Rest periods should be about 1-3 minutes between sets.
Total workout time should be around 45-60 minutes.
I personally prefer straight sets for this sort of routine (meaning you complete one exercise at a time), however if you are short on time you can superset agonist and antagonist muscle groups (ie, one set of a quad exercise such as squats, then straight into one set of a hamstring exercise such as lying leg curls).
Depending on the body-part split you should be working out 4 or 5 times per week with a minimum of 1-2 days rest between body parts so the muscles can fully recover. This will allow for better size gains.
Hypertrophy programs should be coupled with the right nutrition for maximum muscle growth. Stay tuned for Part 2 of this post.

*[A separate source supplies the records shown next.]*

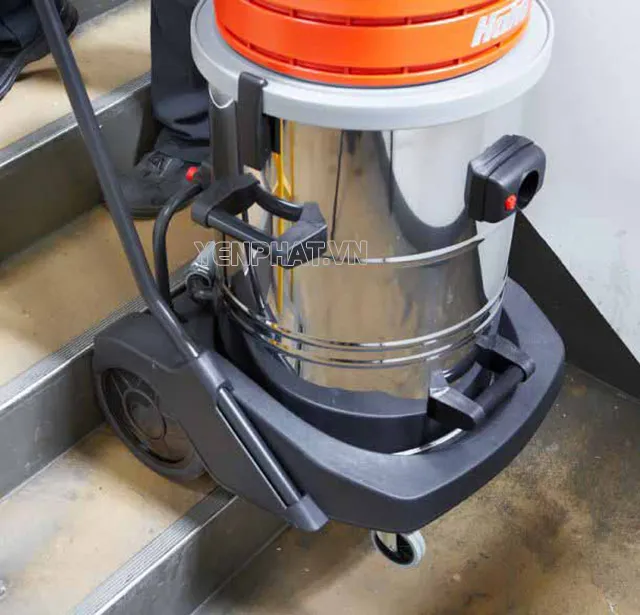 máy hút bụi công suất lớn thường được sử dụng trong công nghiệp, trường học, bệnh viện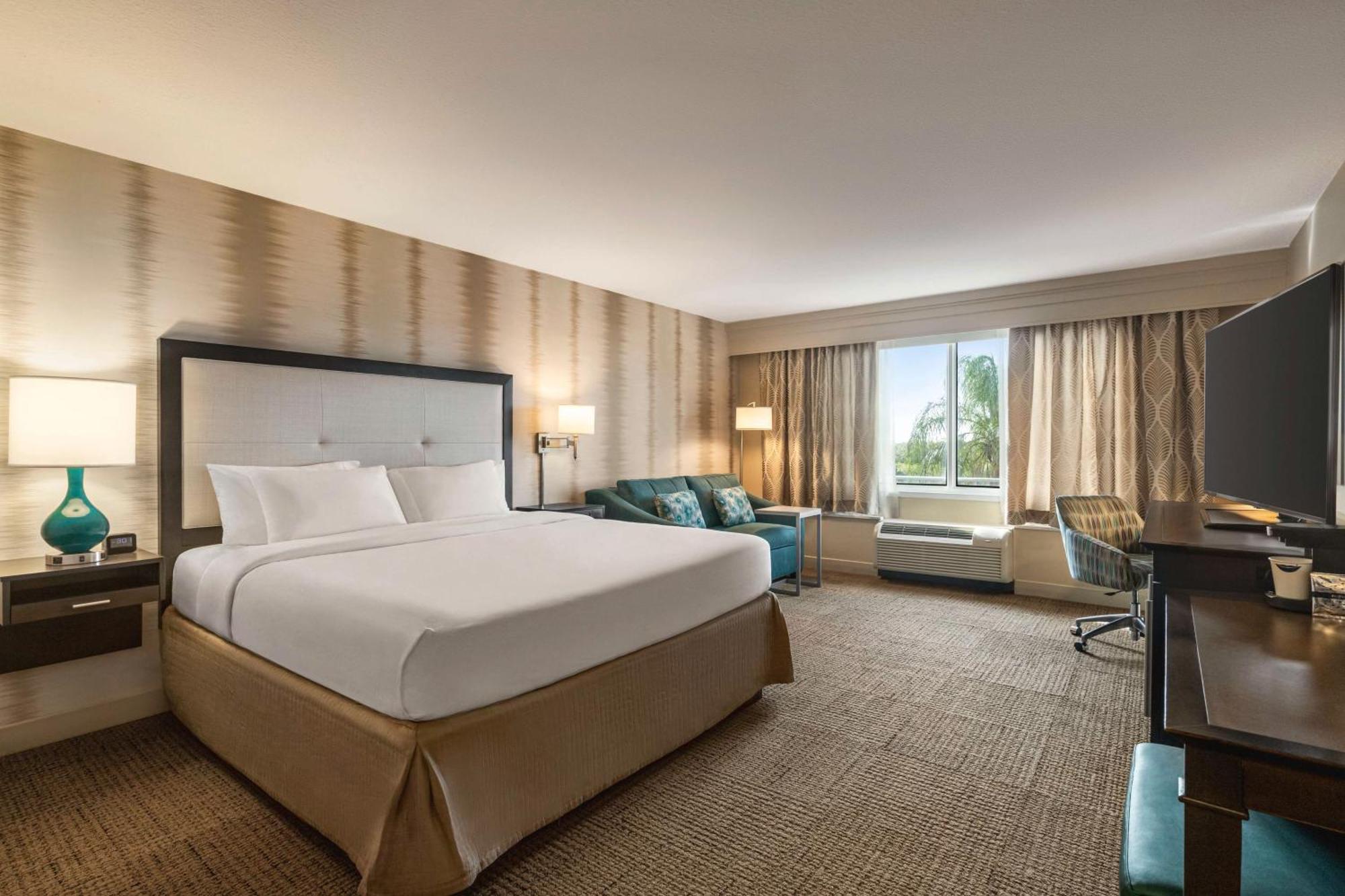 Hampton Inn Пемброук Пайнс Екстериор снимка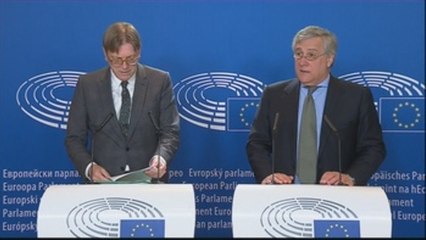 El Parlamento Europeo da luz verde al paso a la segunda fase del "brexit"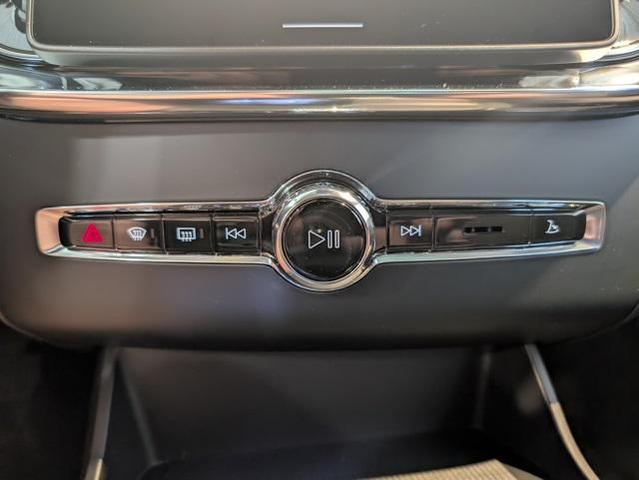 Photo of 2026 Onyx Black Metallic Volvo XC90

The remaining days would follow the same 2 x Compound, 2 x Multi-joint, 2 x Isolation exercise structure.
Wednesday (Rest day)
Thursday (Chest + Shoulders)
Friday (Arms + Abs)
Saturday (Rest day)
Sunday (Rest day)
NOTE: As I mentioned earlier on, if you are wanting to lose weight AND get bigger it's important that you start with a fat loss program first. Follow the fat loss training program and diet first until you have reached your ideal bodyweight. Only then should you start a hypertrophy program. I will cover the details of this in Part 2, however in short - both programs require very different nutrition plans - one to lean and one to bulk. It's not ideal to bulk first if you want to lose weight as this can just make the process harder for you down the track.

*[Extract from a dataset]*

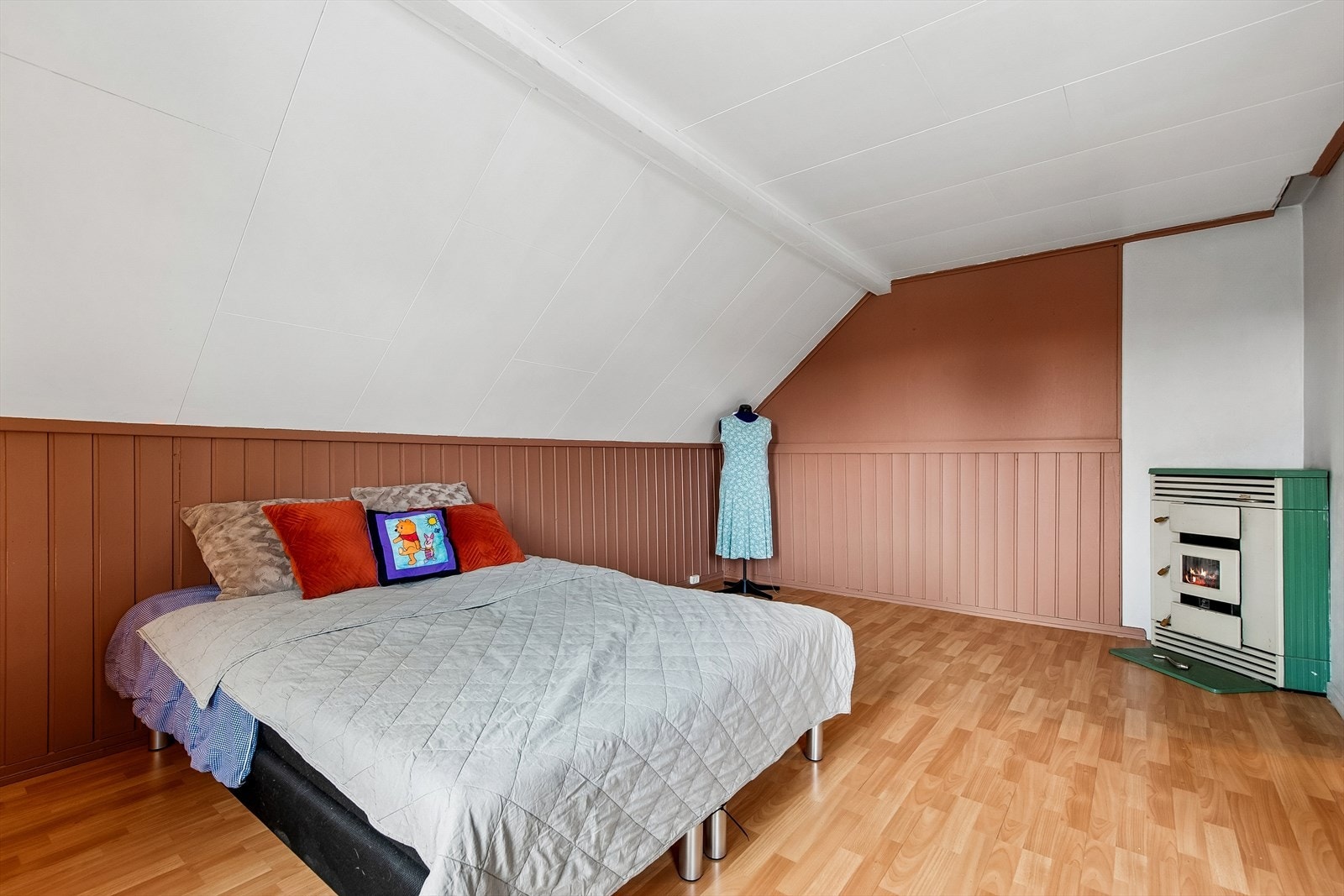 En kombiovn fra Jøtul gir ekstra oppvarming på kalde dager. Galleribilde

Program Type: Strength Training for Strength Gains without Bulk (for the Intermediate to Advanced)
There are a number of reasons why you may want to get stronger without gaining too much muscle mass. Training to increase strength is also known as Relative Strength training which means doing exercises which focus not only on the strength of the muscles but improving the overall function of the body's motor system. One of the ways we increase our strength is by recruiting more muscle fibres for a particular muscle group and by increasing the firing frequency of the motor neurons. This type of training is usually geared towards those who are experienced weightlifters or for athletes who want to improve their performance in a particular sports. Therefore this type of training is often based on very individualised programming. Stay tuned for a more in-depth post on this topic.
Strength training may seem like a daunting concept to a newbie but it doesn't have to be! As with any new skill, be prepared to face some trial and error before getting it perfect. However, if you start with a structured program and follow it you will be off to a great start.